DATA BLOCK ▸
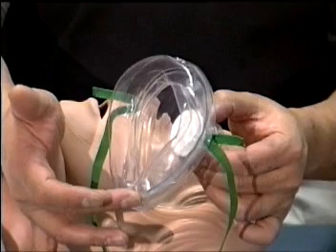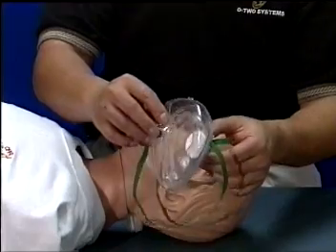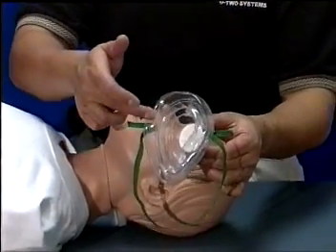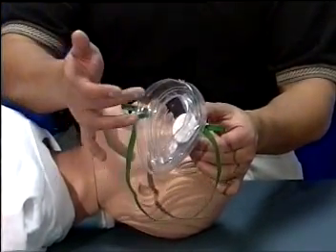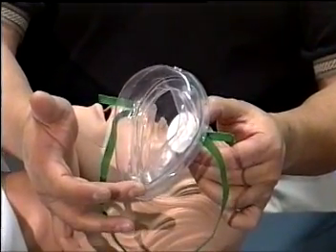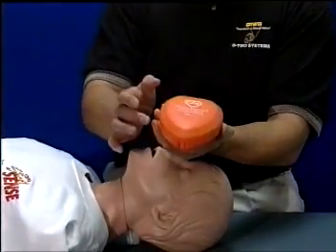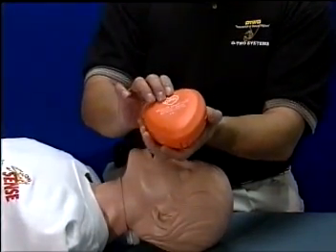If used on infants, the mask can be rotated 180 degrees so that the wide portion of the mask will fit the natural contours of the infant's forehead. The sides of the mask will seal around the natural contours of the cheeks with the narrow end of the mask resting on the point of the infant's chin.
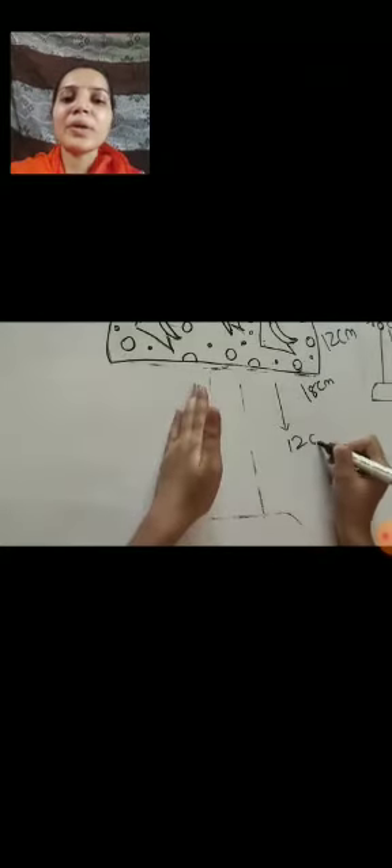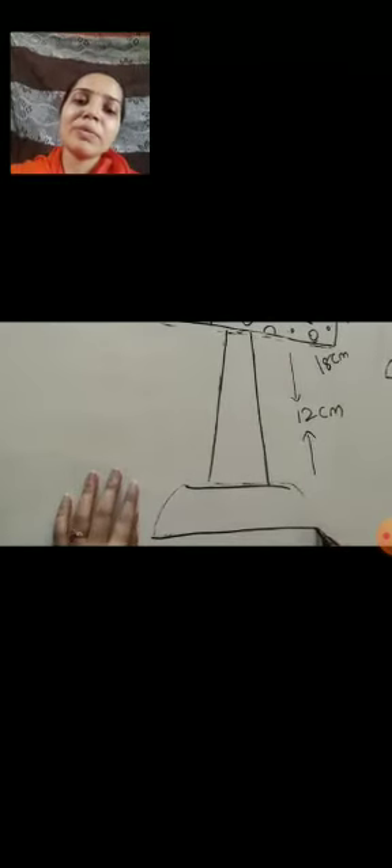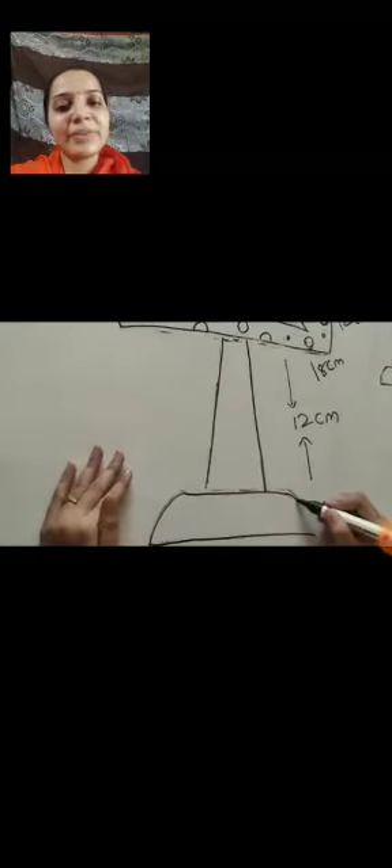Now we are going to make the down part — that is our stand, the stand of the lamp. The height of that stand is 12 cm, children. Take the proper measurement, don't do any mistake. See how I am making two lines for the stand — up it is thin and down it is broad, so you also make like that. Now the last part of the lamp: first draw one slipping line and below that one more but big — up line is small and down line is big. Again join it with a curve shape. Our lamp is over.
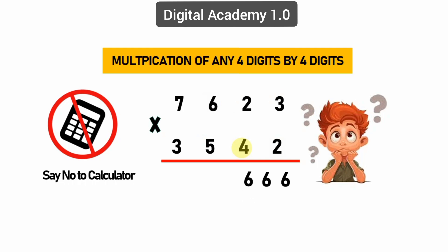Step four: double cross-wire multiplying of thousands — 3 times 3 equals 9, 7 times 2 equals 14, 2 times 5 equals 10, 6 times 4 equals 24. Add all with 3 previous carry, we get 60. Keep zero and 6 carry.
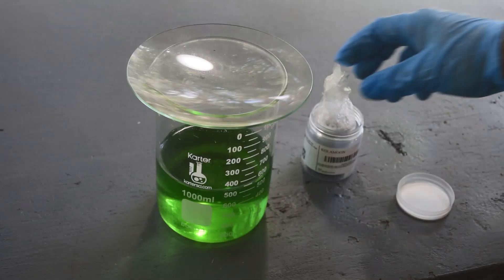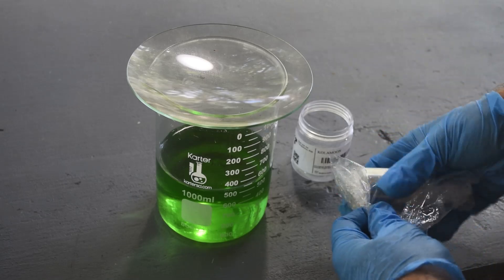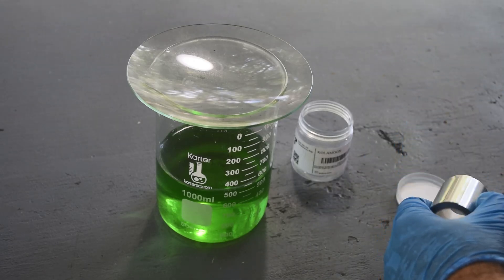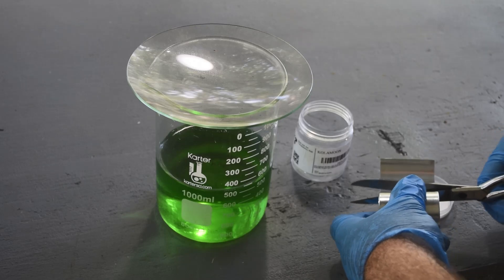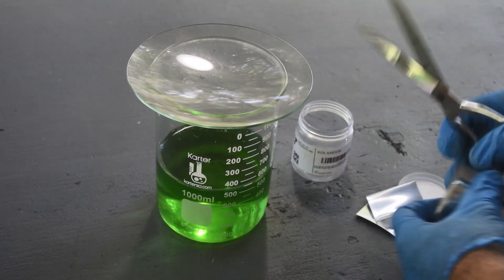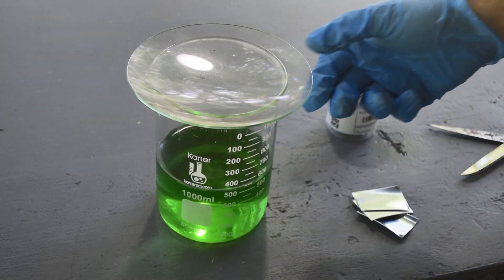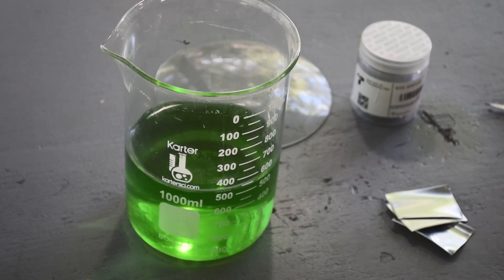I've got some pure zinc here in the form of a roll of zinc strip. Let me get this unwrapped and cut some strips off and drop them in to see what happens. This stuff's thicker than I thought — maybe that's good. I have two more rolls of this by the way, but maybe there's enough in this one roll. I don't think there's that much metal in here, so we should be able to cement it out pretty easily with just what I've got.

WHAT YOU SHOULD DO ▸
For this exercise, transcribe the data exactly but without its pictures.

WRITTEN ANSWER ▸
If used on infants, the mask can be rotated 180 degrees so that the wide portion of the mask will fit the natural contours of the infant's forehead. The sides of the mask will seal around the natural contours of the cheeks with the narrow end of the mask resting on the point of the infant's chin.
Now we are going to make the down part — that is our stand, the stand of the lamp. The height of that stand is 12 cm, children. Take the proper measurement, don't do any mistake. See how I am making two lines for the stand — up it is thin and down it is broad, so you also make like that. Now the last part of the lamp: first draw one slipping line and below that one more but big — up line is small and down line is big. Again join it with a curve shape. Our lamp is over.
Step four: double cross-wire multiplying of thousands — 3 times 3 equals 9, 7 times 2 equals 14, 2 times 5 equals 10, 6 times 4 equals 24. Add all with 3 previous carry, we get 60. Keep zero and 6 carry.
I've got some pure zinc here in the form of a roll of zinc strip. Let me get this unwrapped and cut some strips off and drop them in to see what happens. This stuff's thicker than I thought — maybe that's good. I have two more rolls of this by the way, but maybe there's enough in this one roll. I don't think there's that much metal in here, so we should be able to cement it out pretty easily with just what I've got.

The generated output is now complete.